Mas isso é um quadro que não precisa acontecer, pois aqueles que andam pelos vales das trevas não precisam ter medo, enquanto a Ciência estiver ao seu lado. A Ciência do legado da drª Hattie Alexander.

Aos cindo dias de abril do ano que deu início ao século XX, 1901, quem passasse por um berçário numa maternidade de Baltimore, no estado norte-americano de Maryland, veria muitos bebês dormindo sossegadamente. Entre elas, uma seria especial e seu nome era Hattie Elizabeth Alexander, a segunda de oito filhos do casal William Bain Alexander e Elsie May Alexander.

Hattie não era o que pode se chamar de "nascida em berço de ouro". Seus pais não eram pobres, mas também não eram ricaços. Eram apenas comerciantes, mas nada muito "ohhhhh, que máximo!". Ela entrou para Goucher College, em Baltimore com uma bolsa parcial. Ela se destacou nos esportes, mas era apenas uma aluna mediana em seu trabalho de curso, que incluiu bacteriologia e fisiologia. Ela se graduou em 1923, e nos três anos seguintes, ela trabalhou como bacteriologista no laboratório do Serviço de Saúde Pública dos EUA, com sede em Washington, DC. A Universidade Johns Hopkins se impressionou com a qualidade do trabalho de Hattie Alexander e a convidou para trabalhar lá, onde ela tirou seu doutorado em medicina. Era o ano de 1930.

A drª Hattie Alexander voltou sua atenção para a mortal meningite bacteriana, causada principalmente (mas não exclusivamente) pelo bacilo de Pfeiffer, o H. influenzae, cujo tipo B é o mais virulento, pérfido, mortal e sacana que os demais, que também não são algo que você queira perto de você.

Este amaldiçoado ser vivo é tão ridículo com seus ridículos 1.740 genes que foi o primeiro organismo a ter seu genoma completamente sequenciado. Mas o que ele tem de ridículo em simplicidade tem de mortal.
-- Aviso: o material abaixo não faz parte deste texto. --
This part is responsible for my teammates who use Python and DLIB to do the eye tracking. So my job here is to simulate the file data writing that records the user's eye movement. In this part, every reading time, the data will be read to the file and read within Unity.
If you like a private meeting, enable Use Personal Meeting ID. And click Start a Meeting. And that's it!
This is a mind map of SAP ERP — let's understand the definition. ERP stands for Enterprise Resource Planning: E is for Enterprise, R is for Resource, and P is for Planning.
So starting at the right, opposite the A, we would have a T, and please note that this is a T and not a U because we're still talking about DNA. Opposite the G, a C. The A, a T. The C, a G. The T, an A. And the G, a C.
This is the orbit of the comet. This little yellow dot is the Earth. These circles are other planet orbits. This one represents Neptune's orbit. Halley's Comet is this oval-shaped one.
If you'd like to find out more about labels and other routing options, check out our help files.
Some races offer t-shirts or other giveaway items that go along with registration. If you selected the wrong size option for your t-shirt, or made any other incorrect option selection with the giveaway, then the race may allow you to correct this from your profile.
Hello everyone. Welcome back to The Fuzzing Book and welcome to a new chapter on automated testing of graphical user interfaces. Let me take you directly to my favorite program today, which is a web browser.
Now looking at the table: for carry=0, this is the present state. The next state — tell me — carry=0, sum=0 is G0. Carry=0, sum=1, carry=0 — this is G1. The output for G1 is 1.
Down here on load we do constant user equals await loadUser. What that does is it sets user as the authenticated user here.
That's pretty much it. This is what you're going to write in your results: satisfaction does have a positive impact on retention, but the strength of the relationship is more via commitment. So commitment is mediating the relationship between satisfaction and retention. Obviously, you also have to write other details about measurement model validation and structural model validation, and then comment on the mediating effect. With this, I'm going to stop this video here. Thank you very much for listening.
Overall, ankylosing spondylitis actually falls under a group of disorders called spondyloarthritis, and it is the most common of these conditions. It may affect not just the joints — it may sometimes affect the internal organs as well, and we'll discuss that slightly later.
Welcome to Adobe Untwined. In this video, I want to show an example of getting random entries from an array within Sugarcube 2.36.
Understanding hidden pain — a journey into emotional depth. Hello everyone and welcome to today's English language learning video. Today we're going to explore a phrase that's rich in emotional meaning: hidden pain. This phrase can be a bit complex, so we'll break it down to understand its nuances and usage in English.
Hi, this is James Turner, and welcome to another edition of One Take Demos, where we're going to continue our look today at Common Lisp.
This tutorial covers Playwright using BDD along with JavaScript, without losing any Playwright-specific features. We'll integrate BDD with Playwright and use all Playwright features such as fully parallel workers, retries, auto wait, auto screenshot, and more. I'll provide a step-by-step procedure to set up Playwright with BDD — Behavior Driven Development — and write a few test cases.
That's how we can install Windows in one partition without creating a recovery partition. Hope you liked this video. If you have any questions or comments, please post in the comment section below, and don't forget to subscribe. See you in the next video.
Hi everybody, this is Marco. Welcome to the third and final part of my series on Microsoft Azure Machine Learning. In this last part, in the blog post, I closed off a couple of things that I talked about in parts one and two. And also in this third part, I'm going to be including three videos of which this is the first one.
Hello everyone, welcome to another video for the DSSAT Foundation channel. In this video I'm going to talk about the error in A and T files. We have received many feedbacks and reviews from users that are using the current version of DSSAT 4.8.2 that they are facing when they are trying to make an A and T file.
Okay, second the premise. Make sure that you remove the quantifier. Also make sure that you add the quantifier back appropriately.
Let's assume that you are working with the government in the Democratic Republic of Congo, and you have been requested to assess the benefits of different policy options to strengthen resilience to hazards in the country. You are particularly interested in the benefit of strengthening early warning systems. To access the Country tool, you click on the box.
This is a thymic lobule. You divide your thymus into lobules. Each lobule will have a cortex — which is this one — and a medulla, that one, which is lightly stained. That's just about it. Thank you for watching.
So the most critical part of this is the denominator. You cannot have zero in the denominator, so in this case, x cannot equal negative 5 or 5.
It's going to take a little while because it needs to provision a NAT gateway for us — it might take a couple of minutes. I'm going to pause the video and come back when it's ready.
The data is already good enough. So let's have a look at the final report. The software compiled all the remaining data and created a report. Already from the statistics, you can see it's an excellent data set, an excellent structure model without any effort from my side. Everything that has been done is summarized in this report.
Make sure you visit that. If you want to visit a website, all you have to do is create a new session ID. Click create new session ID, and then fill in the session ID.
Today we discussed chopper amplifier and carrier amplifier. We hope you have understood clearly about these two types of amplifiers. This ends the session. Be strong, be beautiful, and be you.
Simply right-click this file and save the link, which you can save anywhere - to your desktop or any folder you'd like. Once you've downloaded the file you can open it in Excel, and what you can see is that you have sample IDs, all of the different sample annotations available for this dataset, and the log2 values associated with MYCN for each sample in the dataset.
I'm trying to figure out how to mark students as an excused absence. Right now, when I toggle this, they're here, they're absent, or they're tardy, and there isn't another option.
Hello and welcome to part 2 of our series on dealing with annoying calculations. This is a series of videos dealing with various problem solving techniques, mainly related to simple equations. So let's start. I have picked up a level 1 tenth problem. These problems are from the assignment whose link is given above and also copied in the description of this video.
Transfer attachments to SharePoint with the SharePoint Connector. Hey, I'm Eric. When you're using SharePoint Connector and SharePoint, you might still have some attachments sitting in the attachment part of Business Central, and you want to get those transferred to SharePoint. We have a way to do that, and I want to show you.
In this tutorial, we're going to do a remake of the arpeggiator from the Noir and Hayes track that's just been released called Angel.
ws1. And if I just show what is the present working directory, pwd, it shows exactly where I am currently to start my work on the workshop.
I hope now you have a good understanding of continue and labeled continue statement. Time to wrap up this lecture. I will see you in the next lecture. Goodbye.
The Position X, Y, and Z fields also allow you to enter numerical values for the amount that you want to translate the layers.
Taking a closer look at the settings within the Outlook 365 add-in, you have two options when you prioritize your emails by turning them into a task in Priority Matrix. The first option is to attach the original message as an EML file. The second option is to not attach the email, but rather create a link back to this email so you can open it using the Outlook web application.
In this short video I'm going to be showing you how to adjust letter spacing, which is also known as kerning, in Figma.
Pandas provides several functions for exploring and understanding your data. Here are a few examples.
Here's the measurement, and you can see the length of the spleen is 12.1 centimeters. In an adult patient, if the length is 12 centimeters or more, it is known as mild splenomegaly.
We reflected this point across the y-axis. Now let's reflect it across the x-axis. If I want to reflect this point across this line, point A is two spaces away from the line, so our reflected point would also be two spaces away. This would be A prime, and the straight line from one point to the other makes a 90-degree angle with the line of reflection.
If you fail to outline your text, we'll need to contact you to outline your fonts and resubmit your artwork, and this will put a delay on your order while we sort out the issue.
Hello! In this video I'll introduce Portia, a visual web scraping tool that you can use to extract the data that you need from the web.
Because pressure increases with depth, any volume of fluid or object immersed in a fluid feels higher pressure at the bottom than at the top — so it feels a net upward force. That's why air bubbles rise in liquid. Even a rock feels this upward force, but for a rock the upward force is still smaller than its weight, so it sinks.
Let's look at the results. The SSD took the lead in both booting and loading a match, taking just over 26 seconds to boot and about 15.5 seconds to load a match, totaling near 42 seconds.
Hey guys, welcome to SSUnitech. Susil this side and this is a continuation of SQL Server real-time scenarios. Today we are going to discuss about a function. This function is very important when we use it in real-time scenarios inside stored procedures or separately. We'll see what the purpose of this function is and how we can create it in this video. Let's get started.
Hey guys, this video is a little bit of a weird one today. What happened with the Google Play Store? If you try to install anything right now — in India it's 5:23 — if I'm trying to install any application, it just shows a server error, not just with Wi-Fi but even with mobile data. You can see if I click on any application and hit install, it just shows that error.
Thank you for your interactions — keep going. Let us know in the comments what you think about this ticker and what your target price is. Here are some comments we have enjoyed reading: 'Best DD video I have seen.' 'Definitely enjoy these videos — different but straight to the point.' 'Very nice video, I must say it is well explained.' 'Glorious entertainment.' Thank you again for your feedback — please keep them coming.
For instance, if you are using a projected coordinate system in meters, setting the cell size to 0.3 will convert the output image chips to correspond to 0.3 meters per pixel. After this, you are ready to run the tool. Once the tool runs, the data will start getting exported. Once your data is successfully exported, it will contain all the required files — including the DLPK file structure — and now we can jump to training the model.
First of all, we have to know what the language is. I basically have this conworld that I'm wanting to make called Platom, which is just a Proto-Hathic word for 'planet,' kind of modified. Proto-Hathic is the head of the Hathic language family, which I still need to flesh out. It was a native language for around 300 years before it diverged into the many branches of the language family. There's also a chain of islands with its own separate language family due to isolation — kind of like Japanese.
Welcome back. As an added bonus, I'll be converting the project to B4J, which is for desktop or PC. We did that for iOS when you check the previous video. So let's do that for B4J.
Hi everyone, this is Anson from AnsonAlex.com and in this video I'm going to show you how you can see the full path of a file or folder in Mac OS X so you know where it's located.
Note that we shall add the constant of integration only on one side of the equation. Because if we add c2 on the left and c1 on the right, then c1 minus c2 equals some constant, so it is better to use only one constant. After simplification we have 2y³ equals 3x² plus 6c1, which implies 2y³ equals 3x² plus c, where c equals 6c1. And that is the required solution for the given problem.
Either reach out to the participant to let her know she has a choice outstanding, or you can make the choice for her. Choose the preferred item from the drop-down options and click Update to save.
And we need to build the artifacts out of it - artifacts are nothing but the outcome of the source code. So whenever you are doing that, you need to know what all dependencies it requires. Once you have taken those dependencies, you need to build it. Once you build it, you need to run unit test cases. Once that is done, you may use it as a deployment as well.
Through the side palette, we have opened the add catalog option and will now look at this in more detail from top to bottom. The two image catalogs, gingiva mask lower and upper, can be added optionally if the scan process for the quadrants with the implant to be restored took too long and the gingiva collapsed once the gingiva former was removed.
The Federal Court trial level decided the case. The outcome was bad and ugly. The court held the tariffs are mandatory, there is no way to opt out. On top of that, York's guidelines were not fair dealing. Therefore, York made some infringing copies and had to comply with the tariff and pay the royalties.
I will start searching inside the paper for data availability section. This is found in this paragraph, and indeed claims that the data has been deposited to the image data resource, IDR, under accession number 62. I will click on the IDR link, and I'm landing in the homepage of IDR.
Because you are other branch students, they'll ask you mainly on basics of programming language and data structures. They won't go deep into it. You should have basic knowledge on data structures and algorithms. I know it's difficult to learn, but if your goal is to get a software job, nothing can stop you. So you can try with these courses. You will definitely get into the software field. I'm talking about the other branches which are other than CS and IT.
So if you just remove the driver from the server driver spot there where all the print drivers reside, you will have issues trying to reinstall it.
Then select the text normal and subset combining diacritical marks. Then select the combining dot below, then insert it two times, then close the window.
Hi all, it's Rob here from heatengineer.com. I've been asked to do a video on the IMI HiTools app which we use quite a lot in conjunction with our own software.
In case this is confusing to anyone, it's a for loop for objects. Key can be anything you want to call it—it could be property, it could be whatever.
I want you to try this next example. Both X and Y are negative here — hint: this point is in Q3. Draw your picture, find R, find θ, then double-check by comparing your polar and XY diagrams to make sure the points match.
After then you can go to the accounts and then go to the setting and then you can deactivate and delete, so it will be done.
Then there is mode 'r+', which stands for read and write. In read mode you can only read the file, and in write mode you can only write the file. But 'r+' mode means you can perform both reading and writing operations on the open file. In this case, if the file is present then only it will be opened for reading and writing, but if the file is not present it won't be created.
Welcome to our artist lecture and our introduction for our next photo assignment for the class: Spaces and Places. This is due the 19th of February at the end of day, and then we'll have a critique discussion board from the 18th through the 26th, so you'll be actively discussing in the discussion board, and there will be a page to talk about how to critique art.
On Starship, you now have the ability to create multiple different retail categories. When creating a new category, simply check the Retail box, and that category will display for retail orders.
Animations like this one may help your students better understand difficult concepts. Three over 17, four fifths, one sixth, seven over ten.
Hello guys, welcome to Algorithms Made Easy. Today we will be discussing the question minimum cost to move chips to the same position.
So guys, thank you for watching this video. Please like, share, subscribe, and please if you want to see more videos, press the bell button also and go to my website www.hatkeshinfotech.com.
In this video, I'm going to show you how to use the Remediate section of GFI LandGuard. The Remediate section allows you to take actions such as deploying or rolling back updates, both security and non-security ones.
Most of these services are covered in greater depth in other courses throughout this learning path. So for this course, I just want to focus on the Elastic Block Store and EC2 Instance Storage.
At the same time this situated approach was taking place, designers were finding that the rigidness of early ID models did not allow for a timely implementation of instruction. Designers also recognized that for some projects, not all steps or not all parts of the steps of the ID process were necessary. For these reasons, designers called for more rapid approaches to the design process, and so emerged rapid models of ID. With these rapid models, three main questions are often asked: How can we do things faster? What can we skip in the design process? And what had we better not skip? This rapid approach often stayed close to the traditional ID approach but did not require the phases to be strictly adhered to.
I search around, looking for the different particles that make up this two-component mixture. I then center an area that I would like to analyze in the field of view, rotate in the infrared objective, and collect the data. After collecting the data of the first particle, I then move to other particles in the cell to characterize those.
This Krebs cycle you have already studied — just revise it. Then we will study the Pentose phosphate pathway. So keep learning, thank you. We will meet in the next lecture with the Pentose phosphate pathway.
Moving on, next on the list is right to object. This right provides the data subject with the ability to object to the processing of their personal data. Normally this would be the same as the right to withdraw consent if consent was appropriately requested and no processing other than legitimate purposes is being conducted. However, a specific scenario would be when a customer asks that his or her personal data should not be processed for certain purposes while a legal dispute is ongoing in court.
O H. influenzae B fez a infelicidade de muita gente e muitos esforços foram gastos para combater esta praga. Se Evolução existisse, acabar de vez com o HiB seria complicado… como realmente é! Suas proteínas sofrem mudanças na hora de estabelecer ligações com a penicilina e é justamente por causa disso que o antibiótico em questão não tem ação contra esta porcaria de bactéria! Algumas celfalosporinas são mais efetivas, mas em termos de medicina, não basta remediar, é preciso vacinar!

Lá pelos idos de 1933, Hattie Alexander começou uma série de pesquisas no setor de pediatria, ensino e cargos de pesquisa no Hospital Infantil, na Clínica Vanderbilt, e no Faculdade de Médicos e Cirurgiões da Universidade de Columbia. Foi nomeada pediatra adjunta e pediatra em 1938 no Hospital Infantil, além de ocupar cargos paralelos na Clínica Vanderbilt. Na Universidade de Columbia, ela detinha uma bolsa de estudos em doenças infantis entre 1932 e 1934 e tornou-se assistente professora de doenças infantis em 1935. E, não. Ela não tinha tempo de ficar mostrando os peitos na rua nem ficar resmungando por causa de comerciais machistas na TV, rádio ou jornal.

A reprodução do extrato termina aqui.